La méthodologie que j’adopterai en conséquence visera à mettre en lumière la diversité des œuvres à l’étude (distinctes du livre illustré traditionnel comme de l’objet-livre de facture précieuse). Elle s’appuiera sur la notion de partage, fondée en théorie, permettant de décrire les spécificités du travail collaboratif entre auteures et artistes circulant de manière originale entre les arts et les médias, les genres et les milieux intellectuels de leur époque. Aussi ce projet se situe-t-il à la jonction des études sur l’écriture et la création des femmes au XXe siècle ainsi que sur l’esthétique surréaliste. Il se placera logiquement dans le cadre actuel des études intermédiales, en se concentrant sur le croisement du littéral et du figural au sein de l’espace du livre. De là pourra également découler une interrogation sur notre manière de lire des dispositifs texte/image.

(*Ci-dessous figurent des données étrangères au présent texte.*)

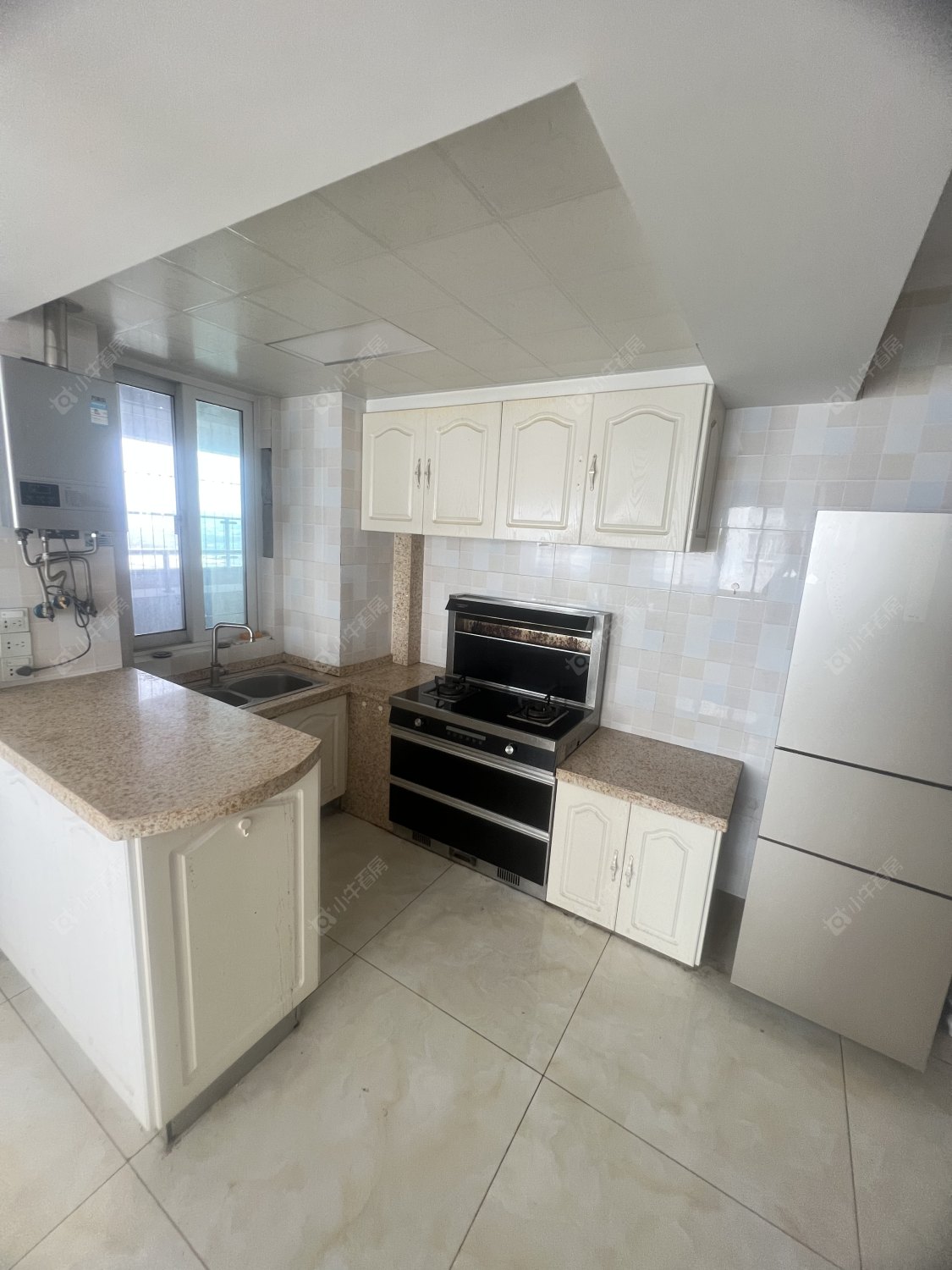 新城悠活城房源 常州新城悠活城在租房源_小牛看房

Le présent programme a donc pour objet d’étudier, d’une façon toute nouvelle, l’apport des créatrices surréalistes au livre conçu comme un « creuset » (Y. Peyré), selon différentes modalités de collaboration. Les recherches envisagées ouvriront la voie à d’autres études sur la collaboration interartistique affectant l’histoire du livre et les pratiques de l’illustration. Les résultats de notre recherche viendront ainsi enrichir notre compréhension de l’objet livre dans ses diverses configurations. Ils inscriront un nouveau chapitre dans son histoire entre le livre de bibliophilie cher au XIXe siècle et les pratiques hybrides de nombreux artistes contemporain-e-s.